The value of M relies on a number of variables. Of importance is the solubility product constant, which is designated Ksp. This value is constant for each compound that describes how easily a substance dissolves. Additionally, the ratio of products and reactants in the chemical reaction must be known to calculate the value of M. This is referred to as the stoichiometry of the reaction.


The first step to calculating the molar solubility is to balance the chemical equation for dissociation of the substance. To do this, you must ensure that there are equal numbers of each atom on both the product and reactant side of the chemical reaction. An example of a balanced chemical equation with equal numbers of each atom on the product and reactant sides is shown by the dissociation of a molecule of sodium chloride (NaCl) into sodium (Na) and chlorine (Cl) atoms: NaCl (s) = Na+ (aq) + Cl- (aq). The physical state of the atoms and molecules is designated using s for solid and aq for aqueous or dissolved in water.

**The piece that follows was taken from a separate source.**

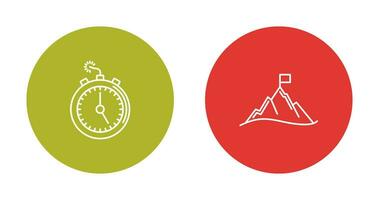 Deadline and Mission Icon vector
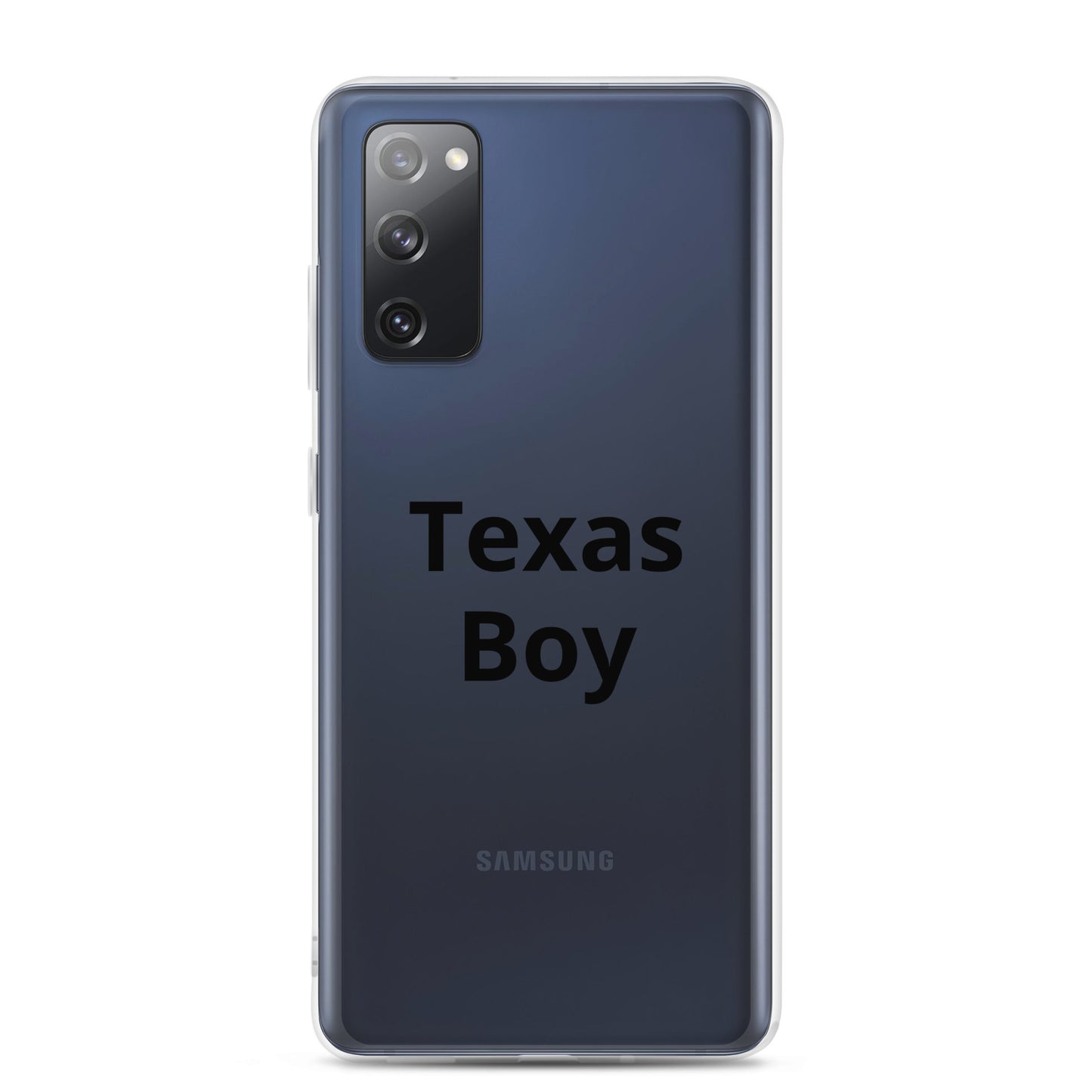 Texas Boy Clear Case for Samsung - Texy Pride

To determine M, you will need to look up the Ksp value for the solute, or the starting compound that is being dissolved. This is a measure of the molar solubility of the substance in standard conditions and can be found online or in chemistry textbooks. The following equation describes the relationship between Ksp and the solubility of NaCl: Ksp = [Na][Cl]

Using this equation, you will be able to find the concentrations of the Na and Cl ions in the saturated solution, by taking the square root of the Ksp value. The value of each ion concentration is equivalent to the amount of product that has been dissolved. Therefore, the ion concentration is equal to M.

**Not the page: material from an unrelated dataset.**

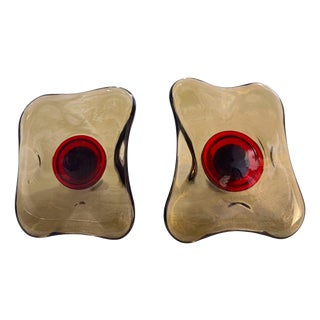 Bespoke Murano Glass Handles from Seifert Architects, 1970, Set of 2 For Sale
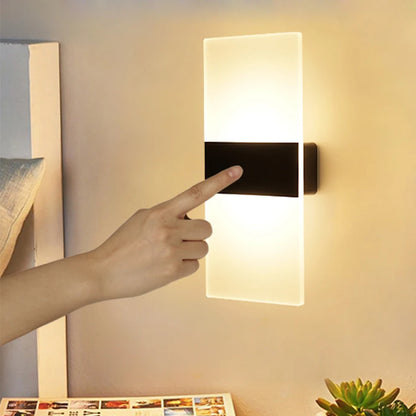 LumaGlow - USB Rechargeable LED Wall Light with Touch Sensor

The value of M depends on a number of factors. Specifically, when the solvent is heated, more energy is available within the system, which allows for greater dissociation of a compound, so molar solubility increases with temperature. If the temperature of a saturated solution is decreased, the M value decreases, and the solute will start to precipitate out of the solution as the temperature decreases. When temperature is decreasing, the concentration of the solution before it begins to precipitate is larger than M, and such a solution is said to be supersaturated.